Sounds like the problem I've been having as well. Too many friends with too many excuses. I now have 3 points in WY....but before blowing all of those points and more on a license in the next few years, I was thinking about doing a few OTC hunt in CO to get some experience. I've never been, but am ready to give it a shot. Let me know your plans at some point.


----------



## Anthony.Camaj (Oct 24, 2019)

TheMAIT said:


> Sounds like the problem I've been having as well. Too many friends with too many excuses. I now have 3 points in WY....but before blowing all of those points and more on a license in the next few years, I was thinking about doing a few OTC hunt in CO to get some experience. I've never been, but am ready to give it a shot. Let me know your plans at some point.

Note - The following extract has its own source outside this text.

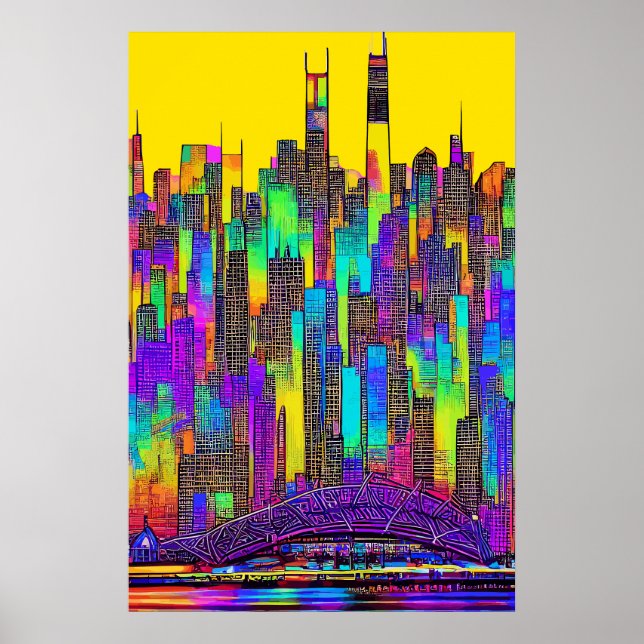 Poster Skyline de Chicago Maximalista (Frente)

No set plan, I’m pretty open. I did an otc hunt last year in Colorado by myself, I do plan on getting series about building point now tho 


Sent from my iPhone using Michigan Sportsman


----------



## sourdough44 (Mar 2, 2008)

That’s rather hardy, solo, DIY hunt.


----------



## everlast108 (Mar 30, 2012)

In Lapeer and looking to plan a trip for next year. My Brother in Law and I were just discussing either OTC Mule Deer or OTC Elk somewhere out west. For Elk, CO is the first to mind. For Mule Deer, possibly Idaho or Arizona. I just got a new frame pack in preparation and I already have lots of gear from backpacking I can use if I'm planning on camping and hunting. I would definitely be interested in planning a trip.


----------



## Anthony.Camaj (Oct 24, 2019)

everlast108 said:


> In Lapeer and looking to plan a trip for next year. My Brother in Law and I were just discussing either OTC Mule Deer or OTC Elk somewhere out west. For Elk, CO is the first to mind. For Mule Deer, possibly Idaho or Arizona. I just got a new frame pack in preparation and I already have lots of gear from backpacking I can use if I'm planning on camping and hunting. I would definitely be interested in planning a trip.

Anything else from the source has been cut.